Which of these candidates…
Looks like a mayor?
Talks like a mayor?
Listens like your neighbour?
It may be just me, but I have trouble trusting anyone seeking government power, whether federal, provincial, or municipal. Therefore, I view what any of the current Toronto mayoral candidates say or promise with skepticism, if for no other reason than the promises being made by all 102 candidates have been made many times over in previous elections. Mayoral candidates, as well as candidates for city council, have been throwing around, since Toronto was founded on January 1, 1834, promises that if elected, they will change the status quo… and here is Toronto today, with its existing state of affairs, for better or worse.

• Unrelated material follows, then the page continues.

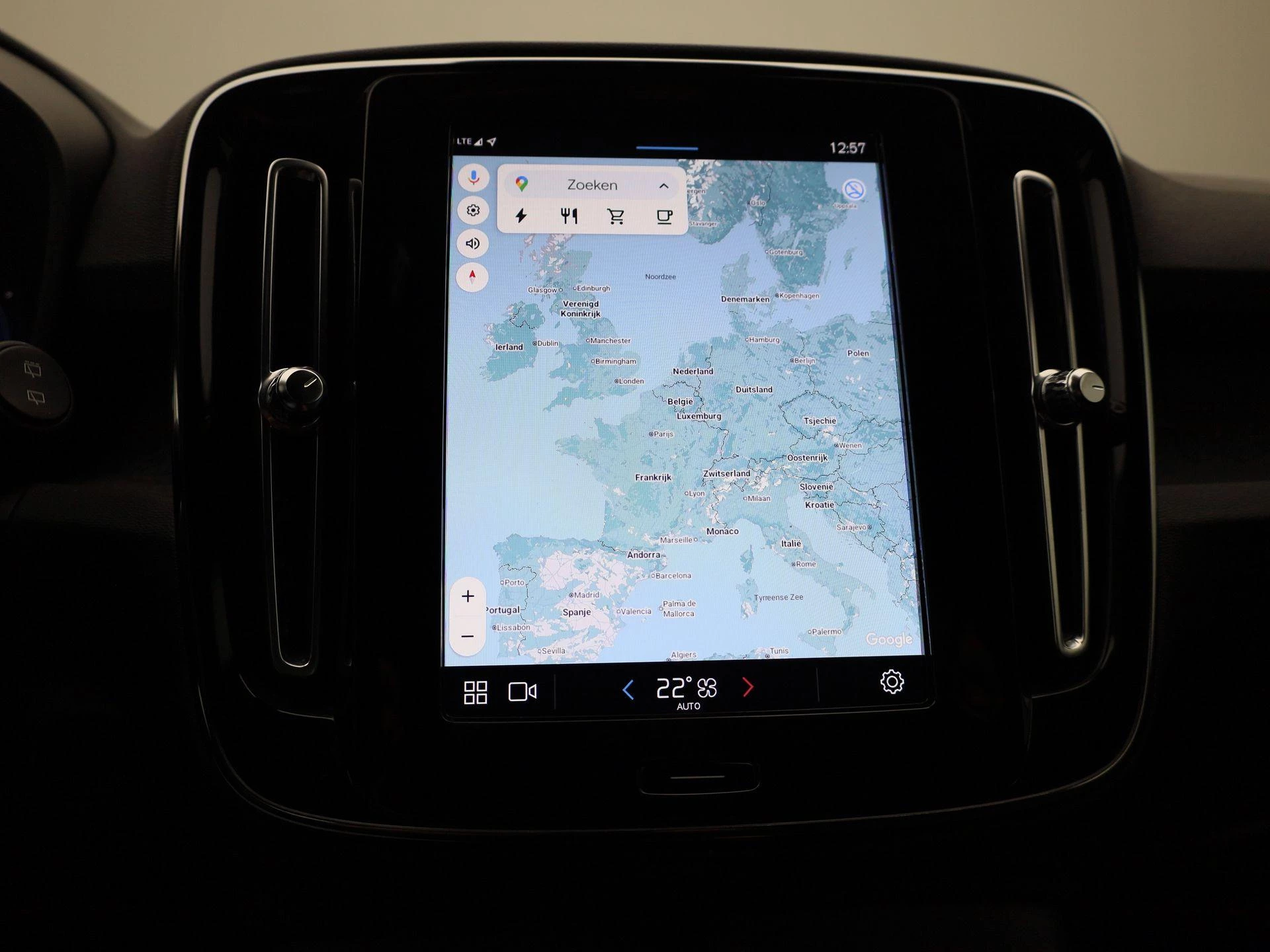 Volvo XC40 Recharge Core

In 2022, when John Tory was running for a 3rd term as Toronto mayor, there were only 31 mayoral candidates. Now that Tory is not running, there are 102 candidates. Seven candidates (Ana Bailão, Brad Bradford, Olivia Chow, Anthony Furey, Mitzie Hunter, Josh Matlow and Mark Sauders) are considered leading candidates by the media and pollsters. None of the seven ran against Tory in 2022 or the 2018 elections. Suddenly all these candidates, who didn’t run against Tory nine months ago, are “concerned” about Toronto. To be blunt, the seven leading candidates and all the candidates who didn’t run against Tory in 2022 are opportunists. (SURPRISE!)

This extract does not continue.